Task requirements: Each record must be written out again exactly. Skip any picture it contains.

(Image-text web data)
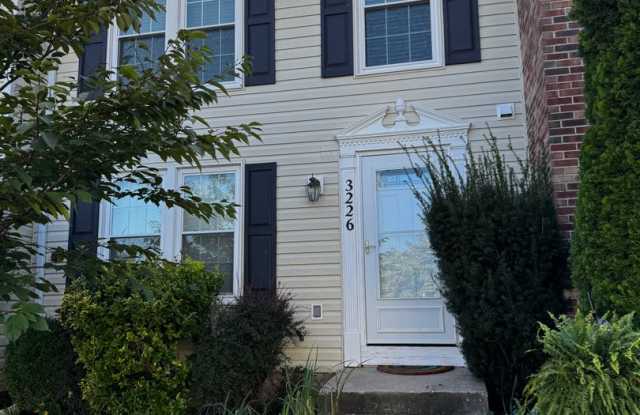 2BR/2.5BA Townhome with Finished Walkout Basement — 3226 Split Oak Ct, Abingdon, MD 21009 Gallery 1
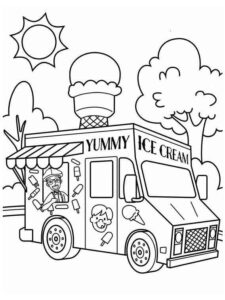 Desenho de Blippi Desenho Colorir Imprimir 42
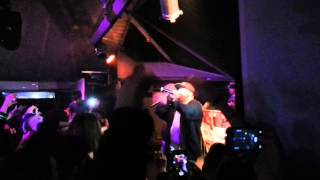 Vinnie Paz live HD 121  Roma 090314 [upl. by Powell289]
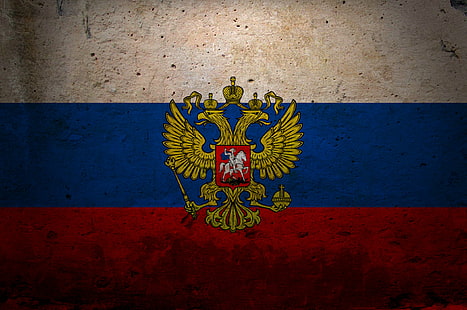 flagge, fahnen, russland, russisch, HD-Hintergrundbild HD wallpaper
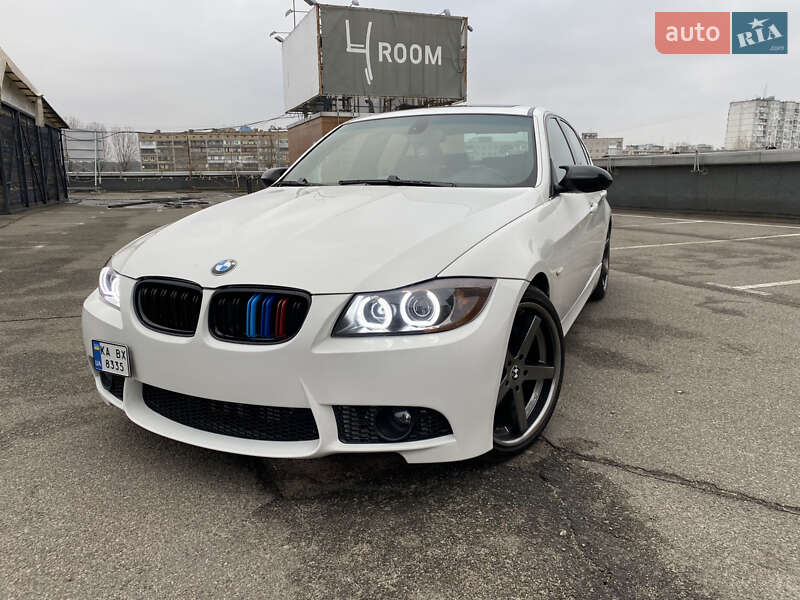 2007 bmw 3 series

Result of this task:
 2BR/2.5BA Townhome with Finished Walkout Basement — 3226 Split Oak Ct, Abingdon, MD 21009 Gallery 1
 Desenho de Blippi Desenho Colorir Imprimir 42
 Vinnie Paz live HD 121  Roma 090314 [upl. by Powell289]
 flagge, fahnen, russland, russisch, HD-Hintergrundbild HD wallpaper
 2007 bmw 3 series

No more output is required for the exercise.